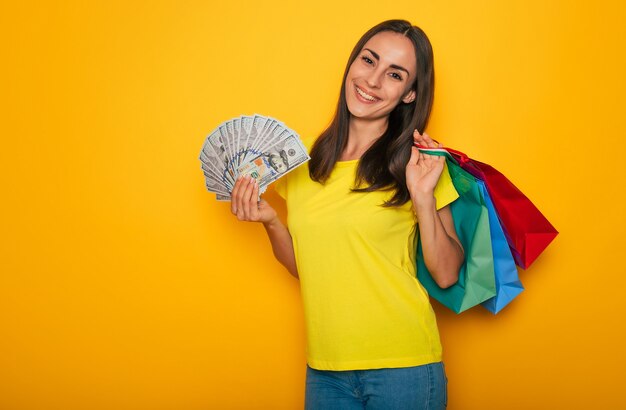 Modern cute smiling young woman with shopping bags and dollars in her hands is posing over yellow wall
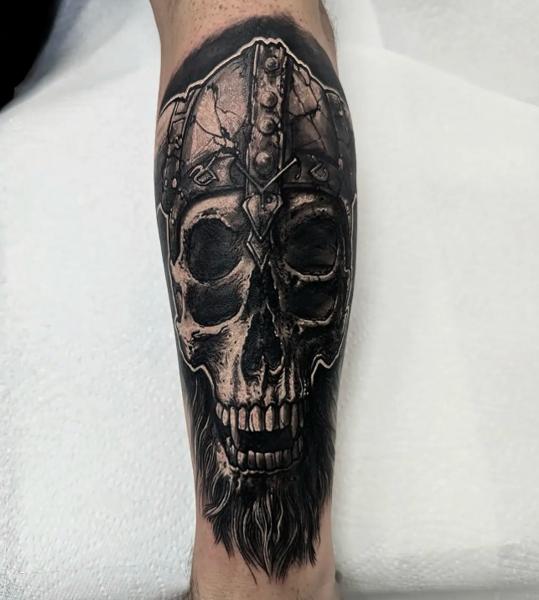 Realism viking skull tattoo by @danny_tattooart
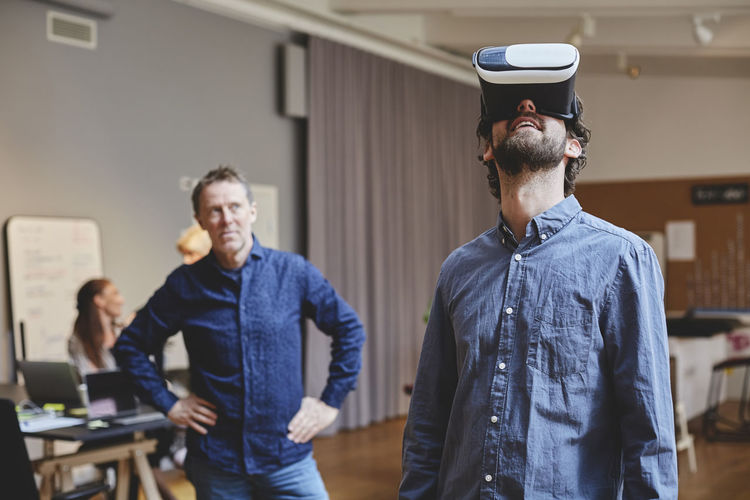 Mature businessman standing with hands on hip while looking at male colleague using virtual reality simulator in creativ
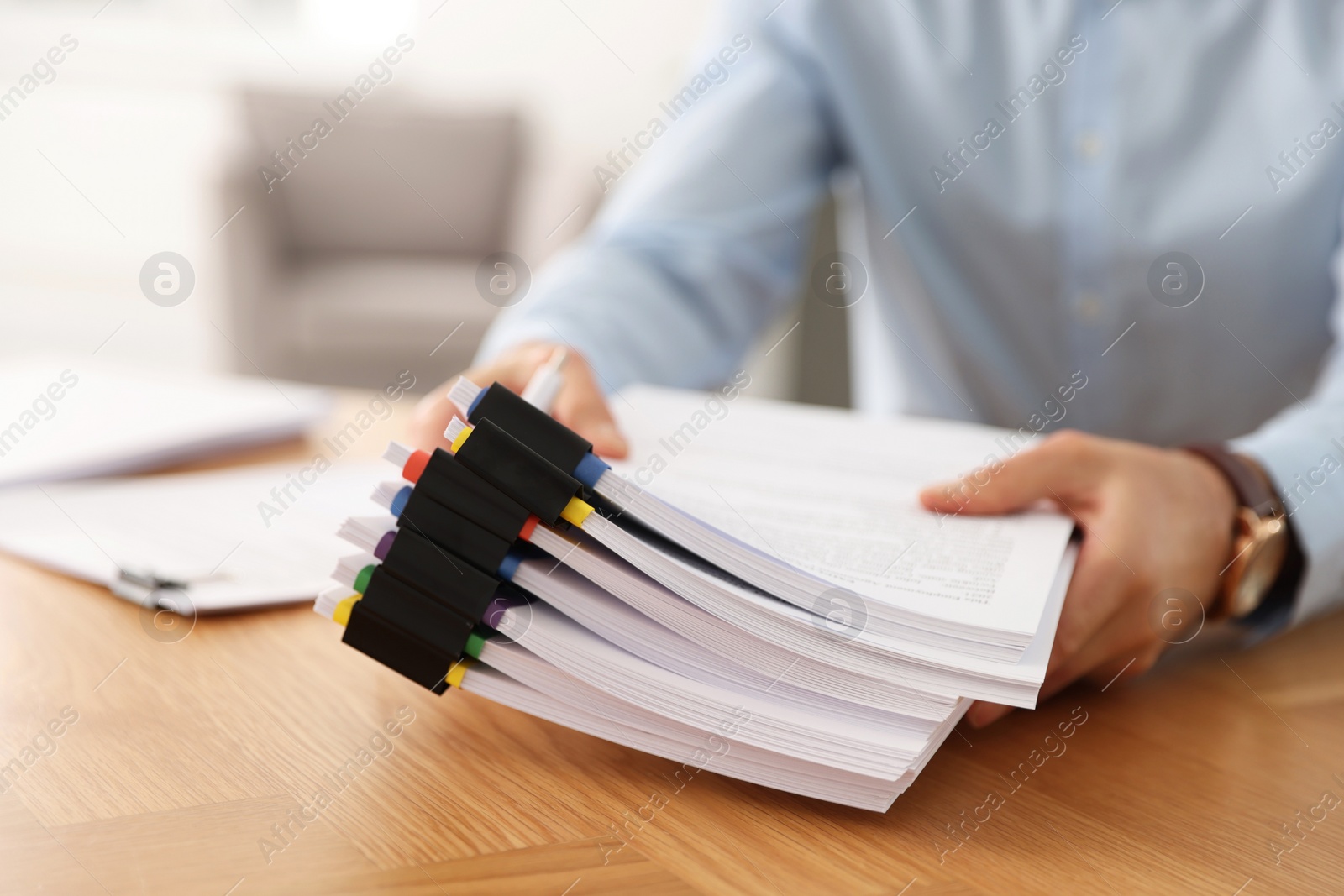 Photo of Businessman with documents at wooden table in office, closeup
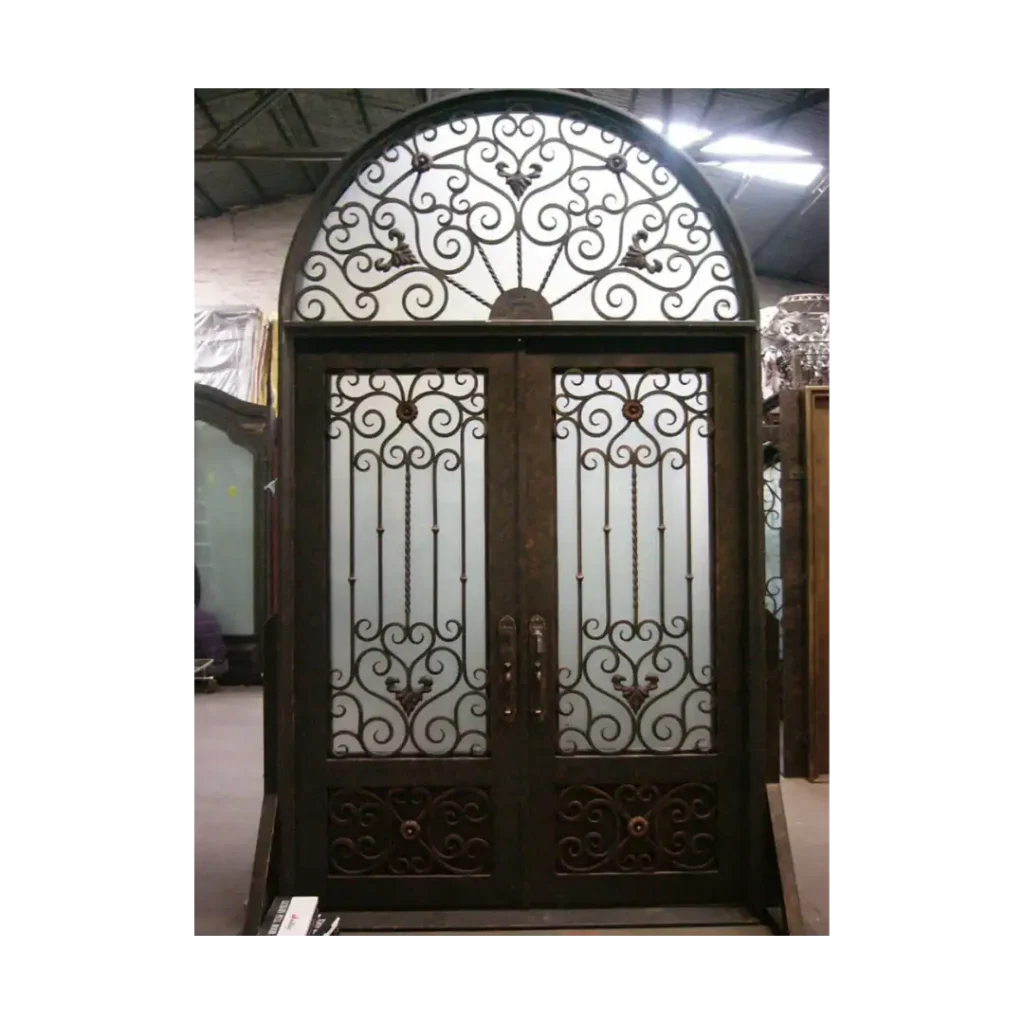 Double wrought iron door EL1005 MCD with ornate scrollwork and arched transom, handcrafted for elegance and strength.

__Problem statement__
All of the data must be repeated exactly, except for the pictures.

__Response below__
 Modern cute smiling young woman with shopping bags and dollars in her hands is posing over yellow wall
 Realism viking skull tattoo by @danny_tattooart
 Mature businessman standing with hands on hip while looking at male colleague using virtual reality simulator in creativ
 Photo of Businessman with documents at wooden table in office, closeup
 Double wrought iron door EL1005 MCD with ornate scrollwork and arched transom, handcrafted for elegance and strength.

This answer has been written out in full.